Bug #14596
closed[crunch-dispatch-slurm] Abandoned container starts again instead of being cancelled
Added by Tom Clegg almost 6 years ago. Updated over 5 years ago.
Description
- Container is queued
- c-d-slurm submits a slurm job to run the container
- Something goes wrong -- perhaps the crunch-run process dies, or the slurm node goes down?
c-d-slurm submits another slurm job, andthe same container runs on a different node (we aren't certain c-d-slurm resubmits)

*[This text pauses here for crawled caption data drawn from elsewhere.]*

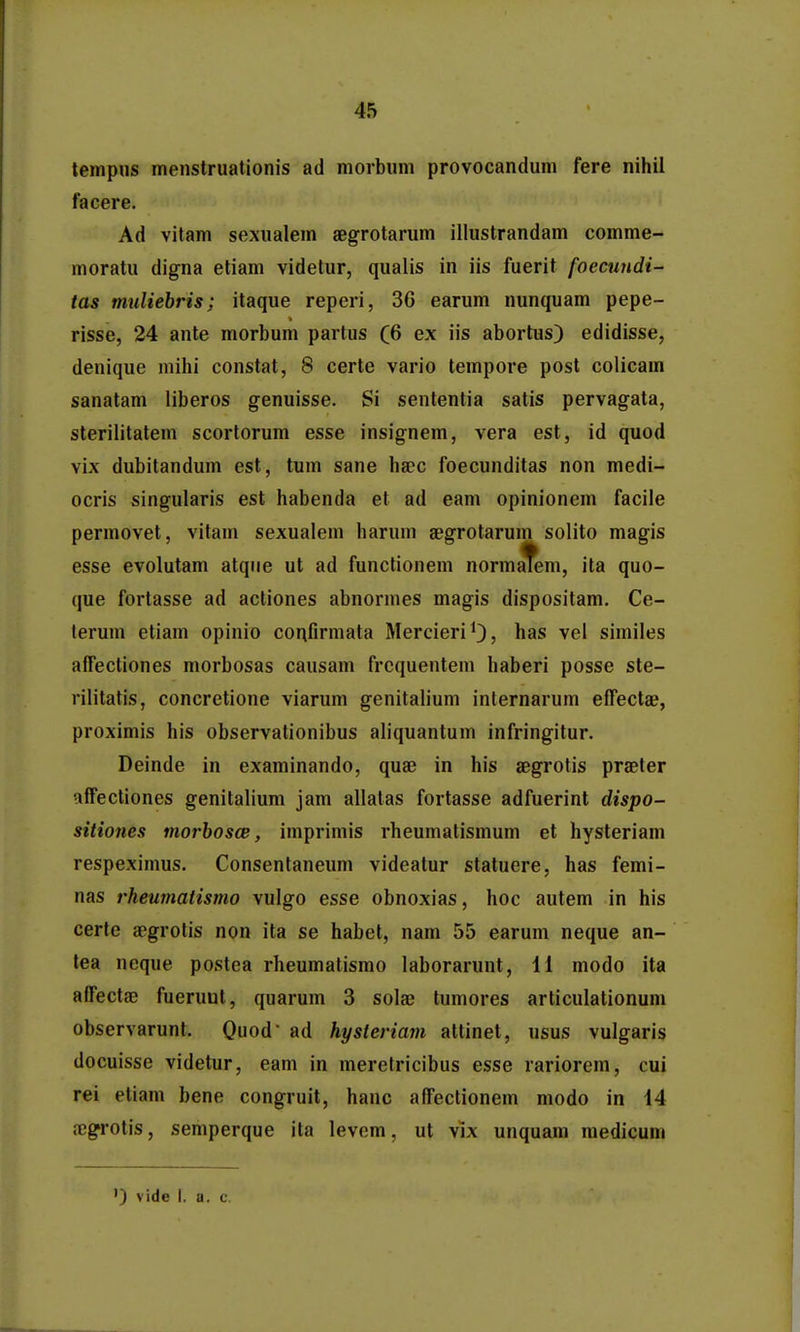 tempns menstruationis ad niorbnni provocanduni fere nihil facere. Ad vitam sexualem aegrotarum illustrandam comme- moratu digna eliam videtur, qualis in iis fuerit foecundi- tas muliebris; itaque reperi, 36 earum nunquam pepe- risse, 24 ante morbum partus (6 ex iis abortus) edidisse, denique mihi constat, 8 certe vario tempore post colicam sanatam liberos genuisse. Si sententia satis pervagata, sterilitatem scortorum esse insignem, vera est, id quod vix dubitandum est, tum sane ha^c foecunditas non medi- ocris singularis est habenda et ad eam opinionem facile permovet, vitam sexualem haruni aegrotarum solito magis esse evolutam atqiie ut ad functionem normafem, ita quo- que fortasse ad actiones abnormes magis dispositam, Ce- terum etiam opinio confirmata MercieriO, has vel similes alTectiones morbosas causam frcquentem haberi posse ste- rilitatis, concretione viarum genitalium internarum efFectaB, proximis his observationibus aliquantum infringitur. Deinde in examinando, quae in his aegrotis praeter affectiones genitalium jam allalas fortasse adfuerint dispo- sitiones morbosce, imprimis rheumatismum et hysteriam respeximus. Consentaneum videatur statuere, has femi- nas rheumatismo vulgo esse obnoxias, hoc autem in his certe aegrotis non ita se habet, nam 55 earum neque an- tea neque postea rheumatismo laborarunt, li modo ita affectae fueruut, quarum 3 solse tumores articulationum observarunt. Quod ad hysteriam attinet, usus vulgaris docuisse videtur, eam in meretricibus esse rariorem, cui rei etiam bene congruit, hanc affectionem modo in 44 cTjgrotis, semperque ita levom, ut vix unquam medicum ) vide I. a. c.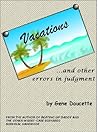 Vacations and Other Errors in Judgment by Gene Doucette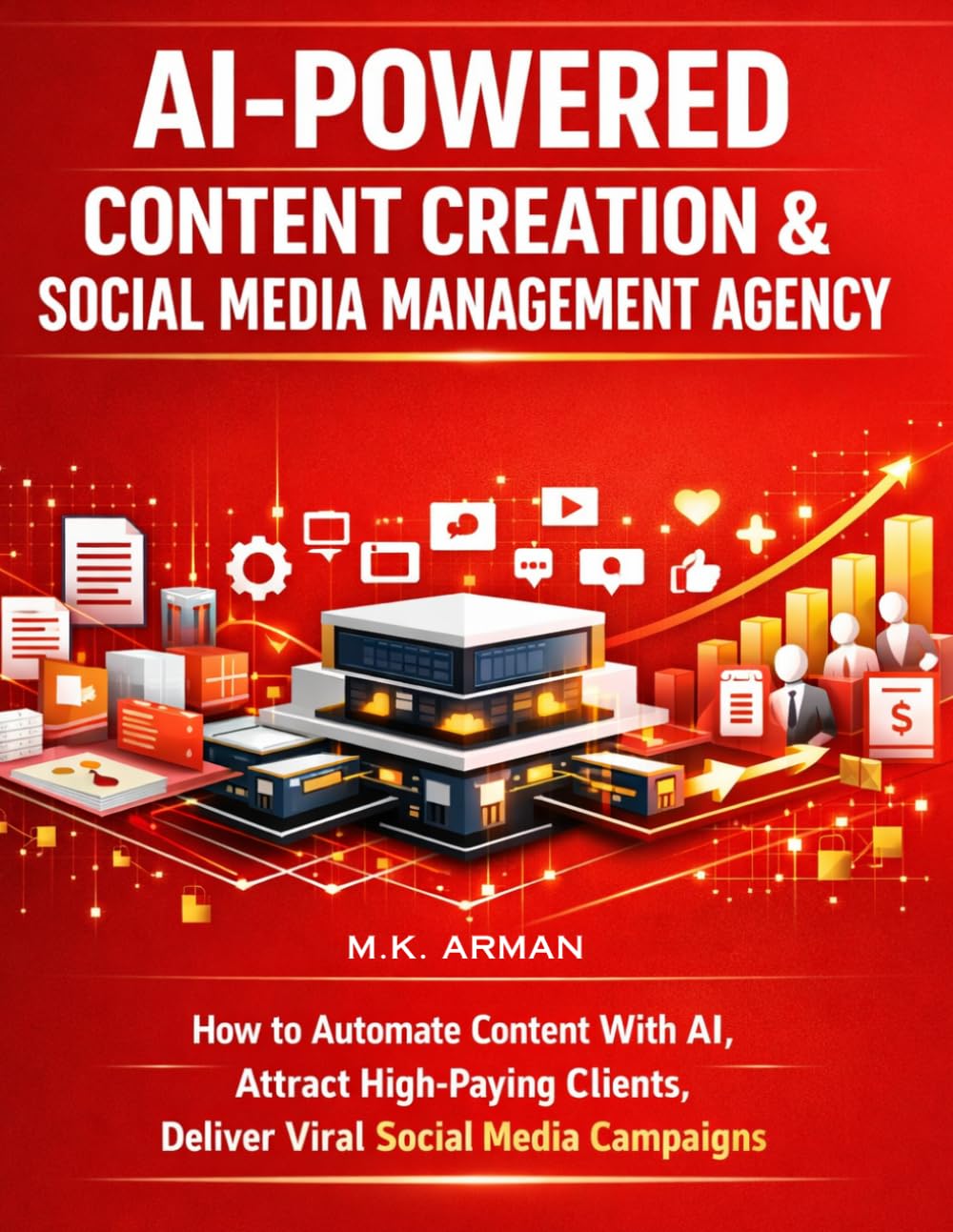 AI-Powered Content Creation & Social Media Management Agency: How to Automate Content With AI, Attract High-Paying Clients, Deliver Viral Social Media Campaigns: 1 (Agency Business Series)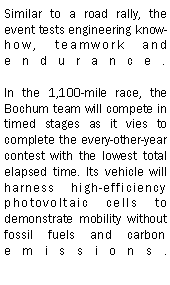 Text Box: Similar to a road rally, the event tests engineering know-how, teamwork and endurance.

In the 1,100-mile race, the Bochum team will compete in timed stages as it vies to complete the every-other-year contest with the lowest total elapsed time. Its vehicle will harness high-efficiency photovoltaic cells to demonstrate mobility without fossil fuels and carbon emissions.

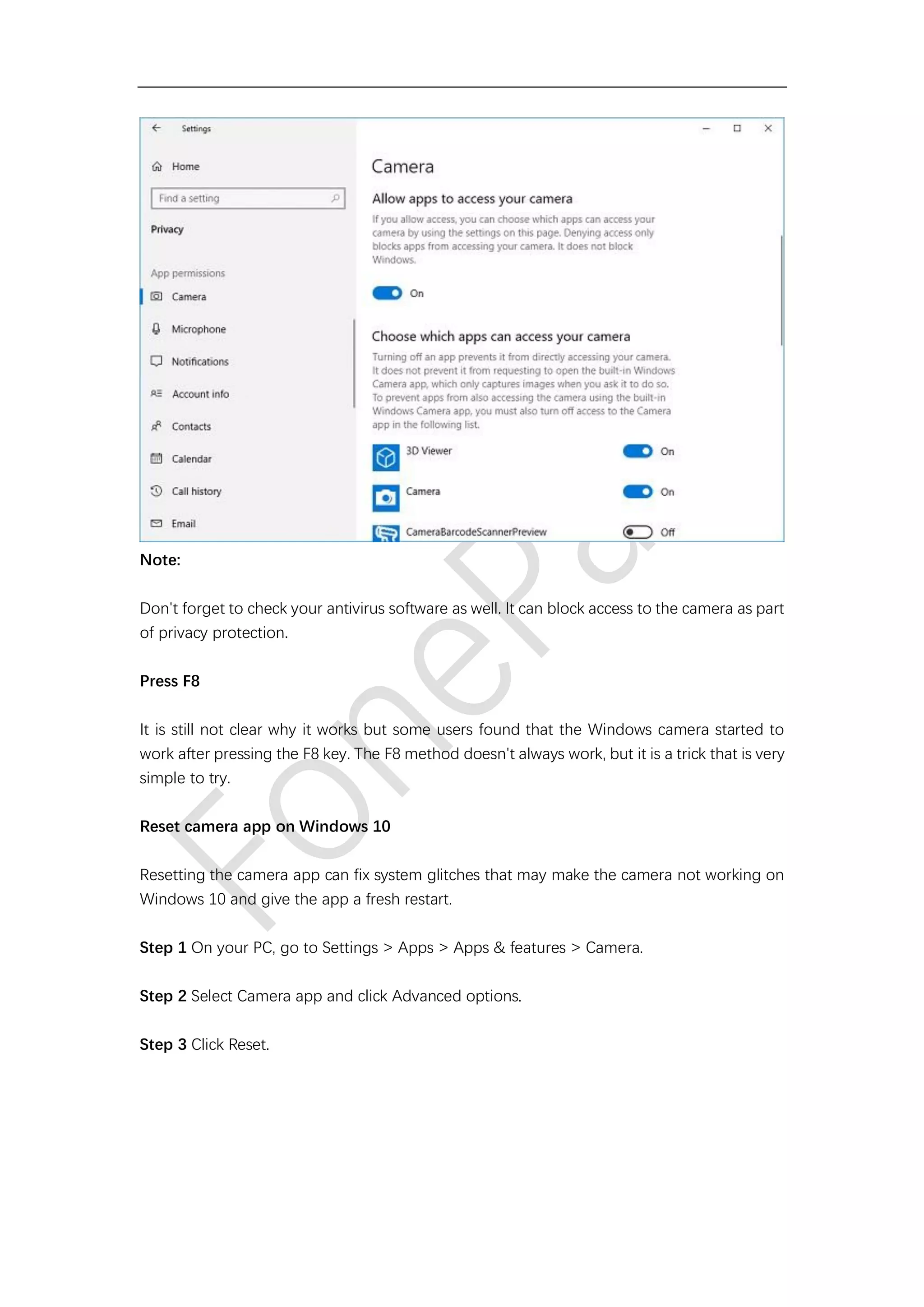 Note:
Don't forget to check your antivirus software as well. It can block access to the camera as part
of privacy protection.
Press F8
It is still not clear why it works but some users found that the Windows camera started to
work after pressing the F8 key. The F8 method doesn't always work, but it is a trick that is very
simple to try.
Reset camera app on Windows 10
Resetting the camera app can fix system glitches that may make the camera not working on
Windows 10 and give the app a fresh restart.
Step 1 On your PC, go to Settings > Apps > Apps & features > Camera.
Step 2 Select Camera app and click Advanced options.
Step 3 Click Reset.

Updated by Tom Morris almost 6 years ago
- Target version changed from To Be Groomed to 2018-12-21 Sprint
Updated by Peter Amstutz almost 6 years ago
If c-d-slurm finds a container with locked_by_uuid=self and state=Running that is not running according to slurm, it should cancel it instead of starting a new slurm job.
It does this already.
If c-d-slurm finds a container with locked_by_uuid=self and state=Locked that is not running according to slurm, it should unlock and re-lock the container (thereby invalidating/renewing auth_uuid) instead of submitting another slurm job using the same auth_uuid.
It does this already, too.
However, auth_uuid isn't used to update the container, the dispatcher token is. So invalidating the auth_uuid token doesn't guarantee that a lingering crunch-run will be prevented from updating the container.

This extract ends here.